**Task to complete**
Nothing but the lines from the one holding "-野菌皇海景野生菌火锅(滨海大道店)" to the final line of the listing below, both included, should be repeated, and each must match exactly. Omit pictures.

-------

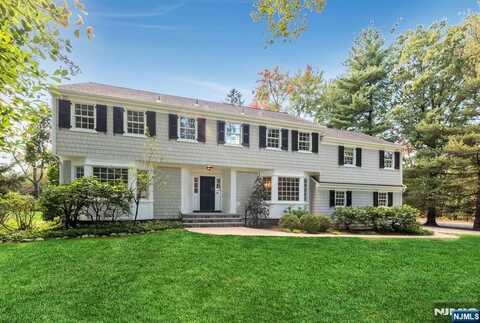 1 Stratford Court, Demarest, NJ 07627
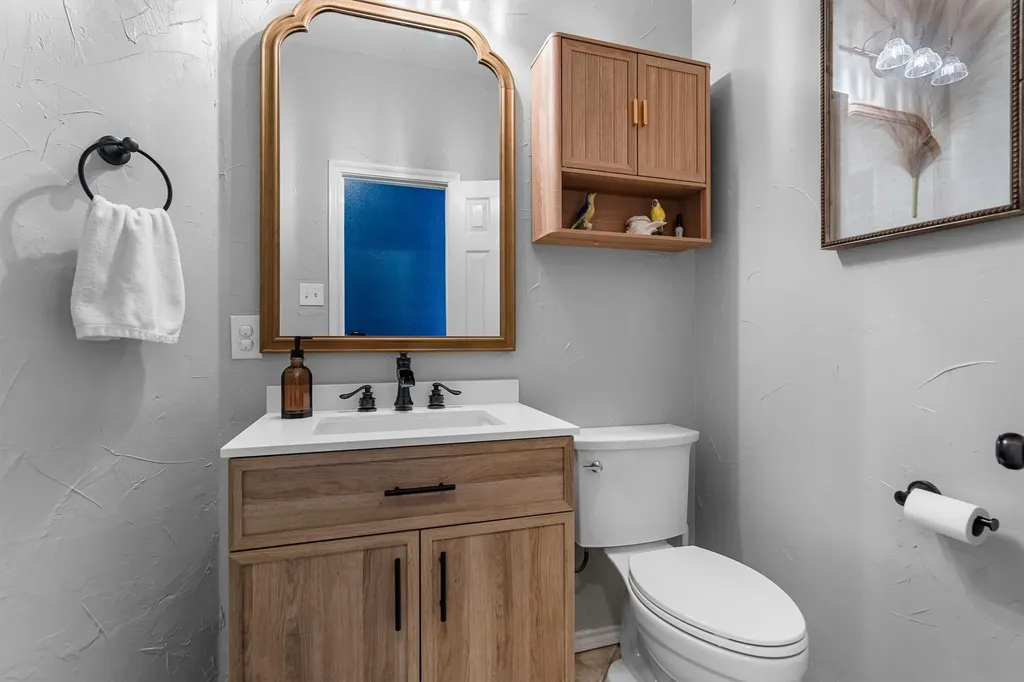 709 Bent Tree Court Hurst TX 76054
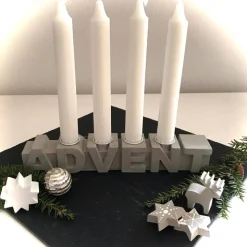 Stylischer Adventskranz aus Beton, puristischer Schriftzug ADVENT in grau, 25 cm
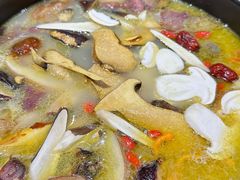 -野菌皇海景野生菌火锅(滨海大道店)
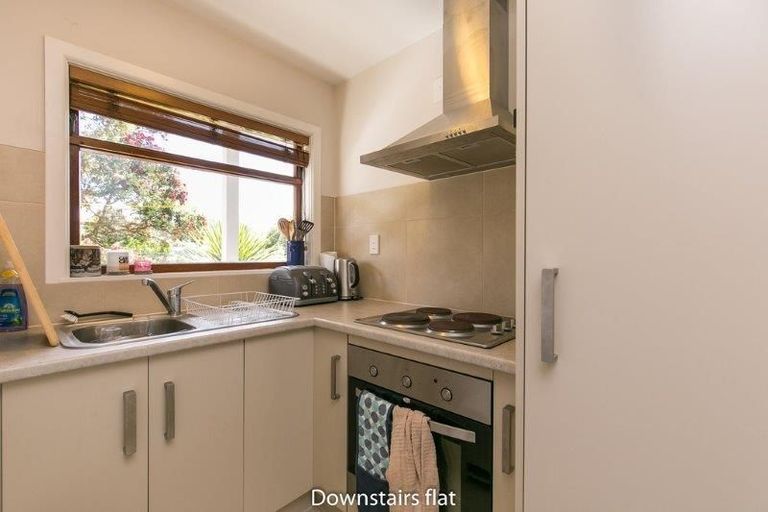 Photo of property in 35 Raroa Road, Kelburn, Wellington, 6012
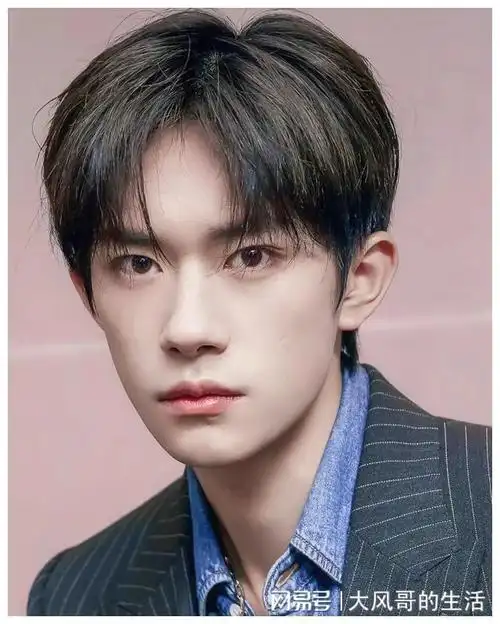 年轻的组合王俊凯易祥千玺王源如今各自发展境况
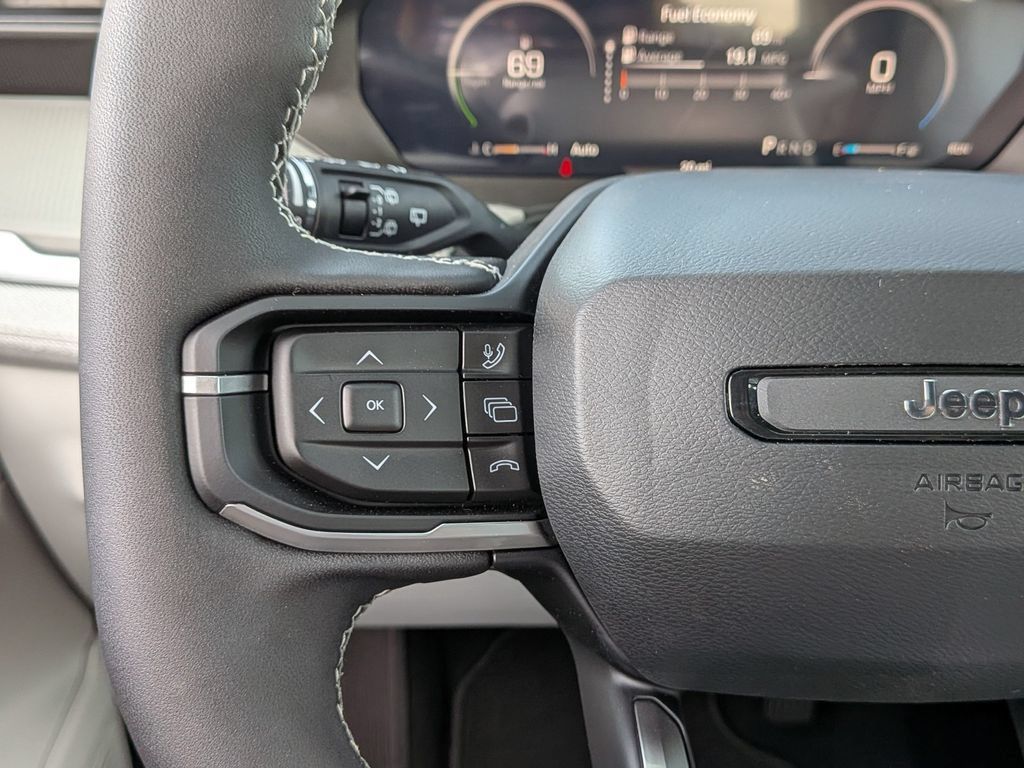 New 2026 Jeep Cherokee Laredo AWD/4WD image 20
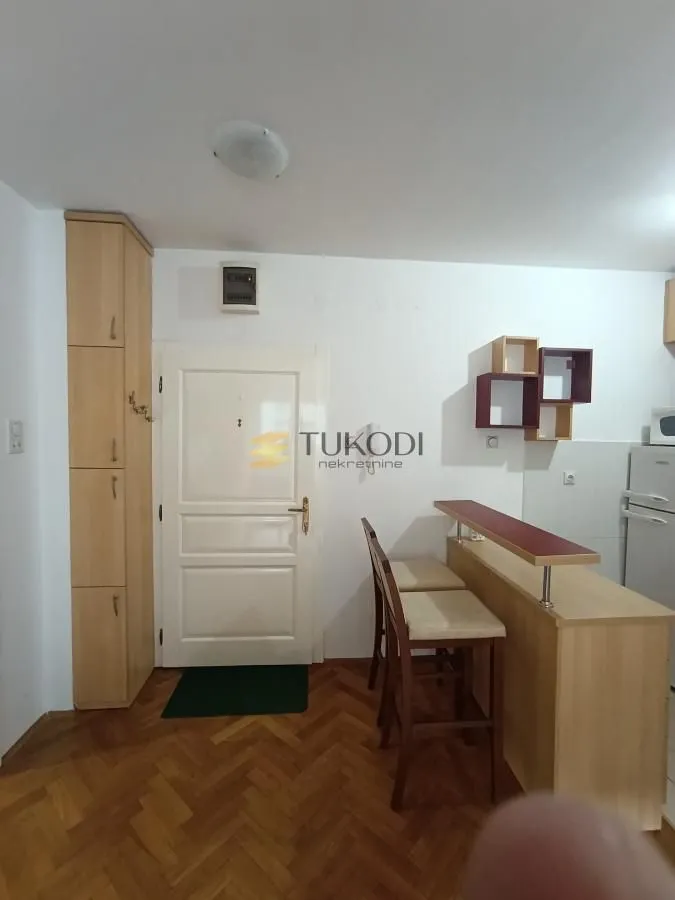 Izdavanje, garsonjera, 25m², Grbavica, Novi Sad Sve Podlokacije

-------

**Result of the exercise**
 -野菌皇海景野生菌火锅(滨海大道店)
 Photo of property in 35 Raroa Road, Kelburn, Wellington, 6012
 年轻的组合王俊凯易祥千玺王源如今各自发展境况
 New 2026 Jeep Cherokee Laredo AWD/4WD image 20
 Izdavanje, garsonjera, 25m², Grbavica, Novi Sad Sve Podlokacije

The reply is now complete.